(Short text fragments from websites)

-------------------------

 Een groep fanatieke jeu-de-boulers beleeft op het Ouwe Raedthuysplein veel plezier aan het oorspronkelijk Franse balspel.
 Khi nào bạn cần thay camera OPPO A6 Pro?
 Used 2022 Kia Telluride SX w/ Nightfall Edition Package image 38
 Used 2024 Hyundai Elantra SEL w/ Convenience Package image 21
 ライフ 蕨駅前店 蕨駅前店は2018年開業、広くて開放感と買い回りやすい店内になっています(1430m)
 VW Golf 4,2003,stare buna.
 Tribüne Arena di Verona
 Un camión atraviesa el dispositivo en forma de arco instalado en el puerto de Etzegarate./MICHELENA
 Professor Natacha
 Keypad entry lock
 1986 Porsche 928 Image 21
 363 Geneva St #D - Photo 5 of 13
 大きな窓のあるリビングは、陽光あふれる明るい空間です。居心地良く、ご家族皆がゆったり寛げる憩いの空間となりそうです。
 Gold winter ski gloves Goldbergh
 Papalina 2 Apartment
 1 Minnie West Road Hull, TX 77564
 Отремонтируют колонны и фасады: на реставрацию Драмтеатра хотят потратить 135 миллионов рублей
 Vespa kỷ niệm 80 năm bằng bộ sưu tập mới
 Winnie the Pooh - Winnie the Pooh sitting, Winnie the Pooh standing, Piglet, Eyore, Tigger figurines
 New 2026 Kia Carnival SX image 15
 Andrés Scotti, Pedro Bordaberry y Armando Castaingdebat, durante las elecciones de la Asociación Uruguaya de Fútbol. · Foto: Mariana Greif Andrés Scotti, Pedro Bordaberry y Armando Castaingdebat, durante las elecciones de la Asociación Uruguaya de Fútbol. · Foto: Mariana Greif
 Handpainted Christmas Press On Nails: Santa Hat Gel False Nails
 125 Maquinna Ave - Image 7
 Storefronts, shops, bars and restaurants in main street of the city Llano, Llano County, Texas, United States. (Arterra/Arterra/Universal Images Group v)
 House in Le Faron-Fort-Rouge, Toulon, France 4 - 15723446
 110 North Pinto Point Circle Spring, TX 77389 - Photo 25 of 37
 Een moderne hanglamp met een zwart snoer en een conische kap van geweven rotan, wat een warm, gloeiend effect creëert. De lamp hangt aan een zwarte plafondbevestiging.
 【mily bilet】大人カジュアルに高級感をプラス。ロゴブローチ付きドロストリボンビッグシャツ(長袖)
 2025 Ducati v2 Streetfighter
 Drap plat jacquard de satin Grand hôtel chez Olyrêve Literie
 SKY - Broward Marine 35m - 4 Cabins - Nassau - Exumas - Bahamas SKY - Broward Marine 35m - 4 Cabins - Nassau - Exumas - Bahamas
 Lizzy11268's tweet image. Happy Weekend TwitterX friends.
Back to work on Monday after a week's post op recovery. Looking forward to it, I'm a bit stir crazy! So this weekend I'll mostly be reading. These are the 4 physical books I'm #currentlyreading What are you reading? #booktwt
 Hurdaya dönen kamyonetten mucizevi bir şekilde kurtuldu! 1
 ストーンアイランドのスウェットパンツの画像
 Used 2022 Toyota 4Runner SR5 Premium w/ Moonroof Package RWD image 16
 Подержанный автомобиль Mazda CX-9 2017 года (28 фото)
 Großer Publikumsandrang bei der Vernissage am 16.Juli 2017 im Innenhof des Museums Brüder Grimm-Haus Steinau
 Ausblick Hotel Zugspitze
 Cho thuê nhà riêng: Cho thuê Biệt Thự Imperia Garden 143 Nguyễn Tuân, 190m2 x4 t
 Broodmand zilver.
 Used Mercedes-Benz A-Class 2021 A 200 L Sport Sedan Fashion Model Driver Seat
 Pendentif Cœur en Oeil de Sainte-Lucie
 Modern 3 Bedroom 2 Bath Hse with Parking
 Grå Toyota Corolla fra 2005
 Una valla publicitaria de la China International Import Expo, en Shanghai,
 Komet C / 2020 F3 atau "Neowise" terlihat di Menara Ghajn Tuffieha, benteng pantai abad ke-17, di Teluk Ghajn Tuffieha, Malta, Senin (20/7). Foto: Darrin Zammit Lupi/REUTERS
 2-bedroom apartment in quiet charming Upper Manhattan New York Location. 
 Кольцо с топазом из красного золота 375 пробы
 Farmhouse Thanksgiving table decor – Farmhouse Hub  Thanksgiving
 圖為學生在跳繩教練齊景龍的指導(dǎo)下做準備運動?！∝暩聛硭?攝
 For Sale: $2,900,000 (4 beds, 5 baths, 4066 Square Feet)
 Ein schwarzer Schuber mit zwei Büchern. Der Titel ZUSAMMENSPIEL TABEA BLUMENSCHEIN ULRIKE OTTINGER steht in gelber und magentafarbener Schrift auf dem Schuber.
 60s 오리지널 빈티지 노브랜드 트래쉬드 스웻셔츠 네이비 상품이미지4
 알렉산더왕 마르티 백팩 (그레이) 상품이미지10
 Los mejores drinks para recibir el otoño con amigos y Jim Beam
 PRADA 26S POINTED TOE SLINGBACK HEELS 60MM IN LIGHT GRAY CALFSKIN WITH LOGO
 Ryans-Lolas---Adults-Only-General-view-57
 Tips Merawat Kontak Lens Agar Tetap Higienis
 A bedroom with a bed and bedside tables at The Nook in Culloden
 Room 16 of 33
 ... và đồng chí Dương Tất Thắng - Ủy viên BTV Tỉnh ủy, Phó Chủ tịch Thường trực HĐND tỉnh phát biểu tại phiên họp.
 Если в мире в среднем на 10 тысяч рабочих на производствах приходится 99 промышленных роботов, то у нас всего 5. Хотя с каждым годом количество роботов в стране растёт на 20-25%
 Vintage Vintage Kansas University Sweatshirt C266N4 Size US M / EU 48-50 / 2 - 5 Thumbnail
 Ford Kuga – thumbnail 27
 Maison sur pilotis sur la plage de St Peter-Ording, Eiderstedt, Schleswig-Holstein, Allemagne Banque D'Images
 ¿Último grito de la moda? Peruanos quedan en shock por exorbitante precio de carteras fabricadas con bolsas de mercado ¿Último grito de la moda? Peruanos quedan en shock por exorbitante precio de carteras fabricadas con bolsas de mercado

-------------------------

### Problem description
Look through the entries above. Copy out every line holding the word "Images".

### Task answer
 Storefronts, shops, bars and restaurants in main street of the city Llano, Llano County, Texas, United States. (Arterra/Arterra/Universal Images Group v)
 Maison sur pilotis sur la plage de St Peter-Ording, Eiderstedt, Schleswig-Holstein, Allemagne Banque D'Images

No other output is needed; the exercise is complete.